### ABOUT THIS EXERCISE
After locating the line with "2 Yard Brown Mulch Bag", retype it and every later line exactly, stopping at the end of the records.

Records from a dataset:
== == ==

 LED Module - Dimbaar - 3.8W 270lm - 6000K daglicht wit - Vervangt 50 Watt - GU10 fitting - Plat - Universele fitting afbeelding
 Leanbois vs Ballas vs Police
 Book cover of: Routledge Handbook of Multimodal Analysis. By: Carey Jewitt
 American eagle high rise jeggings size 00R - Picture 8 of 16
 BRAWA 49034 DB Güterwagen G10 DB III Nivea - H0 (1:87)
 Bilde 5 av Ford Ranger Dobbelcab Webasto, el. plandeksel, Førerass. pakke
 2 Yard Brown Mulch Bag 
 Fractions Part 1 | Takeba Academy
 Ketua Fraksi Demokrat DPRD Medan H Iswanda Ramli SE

== == ==

### EXERCISE OUTPUT
 2 Yard Brown Mulch Bag 
 Fractions Part 1 | Takeba Academy
 Ketua Fraksi Demokrat DPRD Medan H Iswanda Ramli SE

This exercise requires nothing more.